---------- Provided data

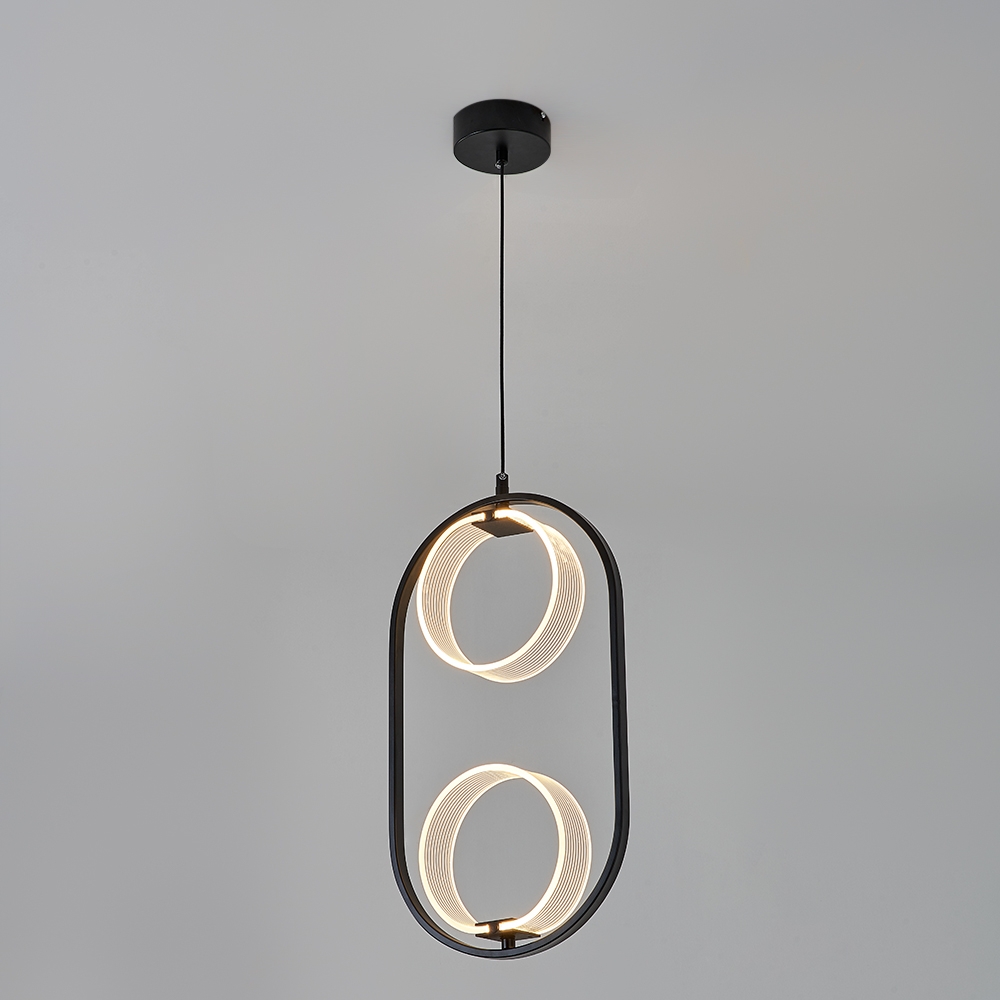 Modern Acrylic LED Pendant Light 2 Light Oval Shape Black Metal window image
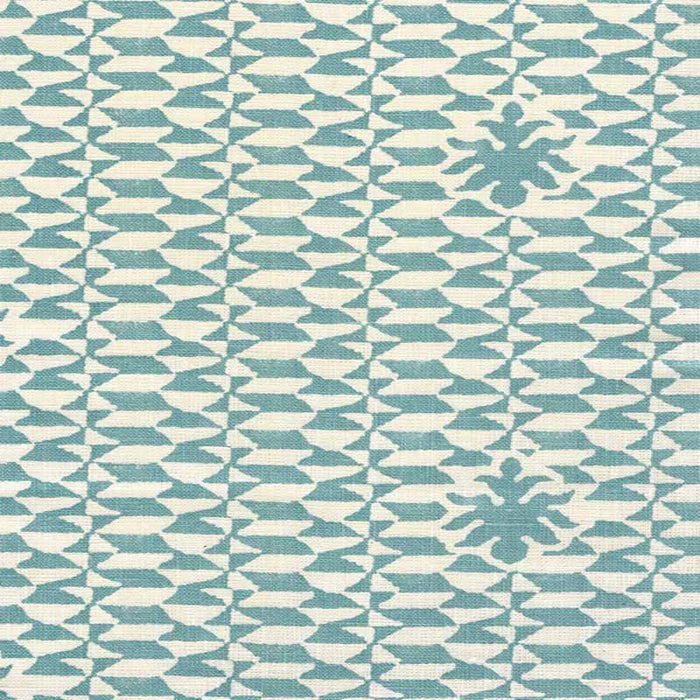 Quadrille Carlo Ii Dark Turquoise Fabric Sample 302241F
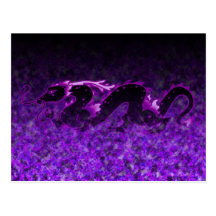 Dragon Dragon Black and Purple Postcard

--------------------

- Exercise brief -
Images should not appear in the copy; retype the listing above exactly.

- Final answer -
 Modern Acrylic LED Pendant Light 2 Light Oval Shape Black Metal window image
 Quadrille Carlo Ii Dark Turquoise Fabric Sample 302241F
 Dragon Dragon Black and Purple Postcard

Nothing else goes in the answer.